Aggregation of breaches
Another key question put to the Court of Appeal (perhaps one of less general application) was whether the consequences of individual breaches could be aggregated to produce a ‘Fundamental Defect’. The Court held that, in principle, they could be.
The contract provided for what would happen in the case of a breach of warranty depending on whether it was a ‘Material Defect’ (defined, in summary, as a breach which had or was likely to have a material adverse effect on Centrica’s business) or a ‘Fundamental Defect’ (defined, in summary, as a fundamental breach which causes a severe adverse effect on Centrica’s business).
The Court was not persuaded by Accenture’s contention that the parties would have expressly provided for the concept of aggregation if they intended it to apply. They had, indeed, done so elsewhere in the contract in the context of termination for material breach where the relevant clause stated that material breaches would include ‘the commission of a series of related or unrelated breaches of this Agreement which, taken together, constitute a material breach’. This argument was, perhaps surprisingly in the context of an agreement between two sophisticated parties, said not to take the debate very far.
Deal with aggregation explicitly
Those involved in drafting and interpreting contracts will be familiar with contractual wording that introduces the concept of aggregation, typically in the context of termination for material breach (where persistent minor breaches could, when taken together, constitute material breaches).

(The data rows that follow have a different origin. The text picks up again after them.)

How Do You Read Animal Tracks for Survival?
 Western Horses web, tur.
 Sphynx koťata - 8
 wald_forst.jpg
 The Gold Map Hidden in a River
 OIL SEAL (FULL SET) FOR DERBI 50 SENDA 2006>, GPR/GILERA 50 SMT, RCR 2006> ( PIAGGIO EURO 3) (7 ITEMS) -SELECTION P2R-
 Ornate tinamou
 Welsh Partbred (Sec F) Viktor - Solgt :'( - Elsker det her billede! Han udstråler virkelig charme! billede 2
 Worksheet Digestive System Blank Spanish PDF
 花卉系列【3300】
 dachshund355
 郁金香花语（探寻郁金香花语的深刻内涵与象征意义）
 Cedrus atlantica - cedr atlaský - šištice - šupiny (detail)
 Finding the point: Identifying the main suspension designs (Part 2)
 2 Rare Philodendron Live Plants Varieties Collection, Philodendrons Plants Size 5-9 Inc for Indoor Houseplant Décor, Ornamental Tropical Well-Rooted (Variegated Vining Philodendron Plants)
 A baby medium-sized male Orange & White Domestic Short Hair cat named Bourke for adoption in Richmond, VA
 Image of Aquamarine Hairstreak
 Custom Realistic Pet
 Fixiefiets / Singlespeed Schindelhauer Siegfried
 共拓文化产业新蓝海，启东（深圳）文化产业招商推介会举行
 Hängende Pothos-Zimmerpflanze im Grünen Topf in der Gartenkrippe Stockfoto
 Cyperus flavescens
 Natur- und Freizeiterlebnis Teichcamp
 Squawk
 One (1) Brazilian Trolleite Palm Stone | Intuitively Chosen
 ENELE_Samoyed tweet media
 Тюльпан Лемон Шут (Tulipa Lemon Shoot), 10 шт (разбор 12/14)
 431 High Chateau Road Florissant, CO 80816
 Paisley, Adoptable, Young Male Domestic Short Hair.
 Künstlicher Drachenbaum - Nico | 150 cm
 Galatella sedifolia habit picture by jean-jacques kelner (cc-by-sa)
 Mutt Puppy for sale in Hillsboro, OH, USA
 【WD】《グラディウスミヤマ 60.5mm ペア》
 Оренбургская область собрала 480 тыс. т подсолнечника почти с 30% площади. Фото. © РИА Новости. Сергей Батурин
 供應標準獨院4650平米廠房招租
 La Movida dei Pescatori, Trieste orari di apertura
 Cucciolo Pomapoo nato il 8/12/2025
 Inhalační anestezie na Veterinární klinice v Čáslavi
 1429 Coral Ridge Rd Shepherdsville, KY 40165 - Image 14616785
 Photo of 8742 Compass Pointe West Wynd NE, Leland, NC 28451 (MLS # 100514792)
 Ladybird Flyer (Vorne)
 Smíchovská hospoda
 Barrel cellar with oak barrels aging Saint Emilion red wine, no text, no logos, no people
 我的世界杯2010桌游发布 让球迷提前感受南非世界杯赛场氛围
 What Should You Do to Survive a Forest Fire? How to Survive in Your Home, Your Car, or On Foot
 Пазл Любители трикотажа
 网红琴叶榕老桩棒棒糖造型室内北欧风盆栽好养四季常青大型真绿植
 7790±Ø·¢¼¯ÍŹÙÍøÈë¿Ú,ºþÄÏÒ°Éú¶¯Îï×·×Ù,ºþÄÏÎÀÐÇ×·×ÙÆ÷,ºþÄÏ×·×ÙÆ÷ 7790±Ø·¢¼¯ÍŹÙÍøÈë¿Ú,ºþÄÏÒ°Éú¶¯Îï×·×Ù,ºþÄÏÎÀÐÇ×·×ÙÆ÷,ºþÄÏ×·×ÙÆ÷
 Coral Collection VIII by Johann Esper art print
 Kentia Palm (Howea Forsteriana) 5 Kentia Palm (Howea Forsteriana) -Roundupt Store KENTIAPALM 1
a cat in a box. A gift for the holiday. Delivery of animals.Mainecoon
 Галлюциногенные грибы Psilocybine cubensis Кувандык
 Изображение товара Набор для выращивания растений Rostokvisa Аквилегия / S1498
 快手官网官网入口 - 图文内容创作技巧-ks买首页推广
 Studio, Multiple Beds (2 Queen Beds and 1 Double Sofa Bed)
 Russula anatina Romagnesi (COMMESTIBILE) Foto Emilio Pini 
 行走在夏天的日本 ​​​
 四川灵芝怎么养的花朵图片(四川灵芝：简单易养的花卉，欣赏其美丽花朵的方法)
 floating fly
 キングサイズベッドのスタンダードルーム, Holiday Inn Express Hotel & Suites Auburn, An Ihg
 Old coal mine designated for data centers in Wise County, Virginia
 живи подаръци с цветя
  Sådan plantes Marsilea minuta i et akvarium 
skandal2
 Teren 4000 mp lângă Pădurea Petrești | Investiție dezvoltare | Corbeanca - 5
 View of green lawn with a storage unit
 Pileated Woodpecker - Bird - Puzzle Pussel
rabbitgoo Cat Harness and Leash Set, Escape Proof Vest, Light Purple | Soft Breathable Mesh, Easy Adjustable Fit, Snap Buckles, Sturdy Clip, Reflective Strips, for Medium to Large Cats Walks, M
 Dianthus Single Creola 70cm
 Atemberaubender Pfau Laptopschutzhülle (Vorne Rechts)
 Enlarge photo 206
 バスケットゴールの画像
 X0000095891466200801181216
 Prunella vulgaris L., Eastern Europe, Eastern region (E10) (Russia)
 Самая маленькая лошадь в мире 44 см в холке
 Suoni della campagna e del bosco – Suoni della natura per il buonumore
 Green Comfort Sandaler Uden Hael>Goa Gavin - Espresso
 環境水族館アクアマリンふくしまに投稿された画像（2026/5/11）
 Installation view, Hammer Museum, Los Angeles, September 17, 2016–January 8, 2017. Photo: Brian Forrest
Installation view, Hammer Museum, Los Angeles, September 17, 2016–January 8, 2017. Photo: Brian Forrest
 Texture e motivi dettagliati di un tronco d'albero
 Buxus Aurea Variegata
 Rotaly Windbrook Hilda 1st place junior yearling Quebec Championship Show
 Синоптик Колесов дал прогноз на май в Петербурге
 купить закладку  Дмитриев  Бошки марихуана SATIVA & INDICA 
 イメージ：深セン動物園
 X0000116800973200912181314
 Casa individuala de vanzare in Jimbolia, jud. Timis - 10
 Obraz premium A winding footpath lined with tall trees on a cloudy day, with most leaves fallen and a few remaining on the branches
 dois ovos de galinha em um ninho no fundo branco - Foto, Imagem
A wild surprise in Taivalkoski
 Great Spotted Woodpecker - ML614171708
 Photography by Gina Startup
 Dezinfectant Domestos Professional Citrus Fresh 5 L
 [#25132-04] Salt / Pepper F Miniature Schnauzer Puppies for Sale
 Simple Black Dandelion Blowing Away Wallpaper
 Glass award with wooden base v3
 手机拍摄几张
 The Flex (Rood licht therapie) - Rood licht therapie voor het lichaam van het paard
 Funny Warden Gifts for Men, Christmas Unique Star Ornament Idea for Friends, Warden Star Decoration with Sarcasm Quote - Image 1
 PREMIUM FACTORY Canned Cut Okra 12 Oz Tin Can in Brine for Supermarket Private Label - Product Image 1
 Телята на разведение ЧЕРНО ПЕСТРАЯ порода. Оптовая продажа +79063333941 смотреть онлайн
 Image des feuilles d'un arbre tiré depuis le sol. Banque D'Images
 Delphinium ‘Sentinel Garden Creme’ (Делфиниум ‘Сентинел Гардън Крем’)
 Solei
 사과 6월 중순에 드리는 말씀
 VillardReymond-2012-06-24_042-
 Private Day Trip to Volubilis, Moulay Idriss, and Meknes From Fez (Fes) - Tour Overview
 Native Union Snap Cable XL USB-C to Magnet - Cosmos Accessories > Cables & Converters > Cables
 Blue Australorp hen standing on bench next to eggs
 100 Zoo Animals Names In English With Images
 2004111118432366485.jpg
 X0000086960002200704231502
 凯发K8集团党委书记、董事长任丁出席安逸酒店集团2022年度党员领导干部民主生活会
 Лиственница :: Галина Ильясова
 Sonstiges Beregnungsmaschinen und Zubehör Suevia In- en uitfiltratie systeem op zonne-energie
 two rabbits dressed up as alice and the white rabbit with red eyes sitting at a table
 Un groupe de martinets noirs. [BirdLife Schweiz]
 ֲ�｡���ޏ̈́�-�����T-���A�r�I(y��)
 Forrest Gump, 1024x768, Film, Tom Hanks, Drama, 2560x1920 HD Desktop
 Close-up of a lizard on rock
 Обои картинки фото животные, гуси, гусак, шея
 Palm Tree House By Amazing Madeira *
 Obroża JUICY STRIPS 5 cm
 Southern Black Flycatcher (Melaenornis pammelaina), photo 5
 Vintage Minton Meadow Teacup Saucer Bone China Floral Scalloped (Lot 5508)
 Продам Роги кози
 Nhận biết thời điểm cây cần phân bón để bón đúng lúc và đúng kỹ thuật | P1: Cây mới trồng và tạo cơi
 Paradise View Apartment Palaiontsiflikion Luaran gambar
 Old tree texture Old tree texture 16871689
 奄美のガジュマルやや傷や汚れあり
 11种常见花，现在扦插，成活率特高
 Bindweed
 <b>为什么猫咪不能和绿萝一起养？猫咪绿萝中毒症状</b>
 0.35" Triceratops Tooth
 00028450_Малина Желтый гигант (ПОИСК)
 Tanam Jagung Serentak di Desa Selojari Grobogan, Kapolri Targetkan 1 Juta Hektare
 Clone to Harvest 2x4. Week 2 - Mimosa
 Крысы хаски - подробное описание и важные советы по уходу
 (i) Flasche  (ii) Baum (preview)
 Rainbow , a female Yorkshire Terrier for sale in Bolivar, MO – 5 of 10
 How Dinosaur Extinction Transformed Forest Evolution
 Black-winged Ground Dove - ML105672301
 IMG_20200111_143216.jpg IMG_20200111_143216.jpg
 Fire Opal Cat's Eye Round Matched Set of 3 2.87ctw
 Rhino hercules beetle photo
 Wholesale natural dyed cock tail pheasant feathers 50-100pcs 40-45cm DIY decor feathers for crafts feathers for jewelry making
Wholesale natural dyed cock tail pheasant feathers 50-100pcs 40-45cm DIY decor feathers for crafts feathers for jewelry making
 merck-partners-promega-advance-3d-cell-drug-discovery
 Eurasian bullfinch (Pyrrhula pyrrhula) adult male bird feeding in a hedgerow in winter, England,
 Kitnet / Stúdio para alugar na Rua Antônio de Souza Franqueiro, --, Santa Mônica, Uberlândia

It is more unusual to see drafting that carves out aggregation but this case demonstrates that, where parties intend that two concepts (eg non-material and material breaches) should be mutually exclusive, this should be explicitly stated in the drafting. In this case, the Court’s findings were largely based on the particular drafting used in the contract but it demonstrates the risks of being silent on the issue.
Variations in language
This tip will be ‘old hat’ to many but the final reminder comes out of the Court’s finding that the words ‘…which causes [an effect]…’ and ‘…which has or is likely to have [an effect]…’ have different meanings. Where wording used in two clauses is intended to have an identical meaning, identical language should be used otherwise the courts are likely to assume, quite reasonably, that the parties intended the different use of language to create a different effect.
Andrew Horrocks leads the IT disputes practice at Barlow Lyde & Gilbert LLP and Simon Jones is an associate in the firm’s commercial and technology team.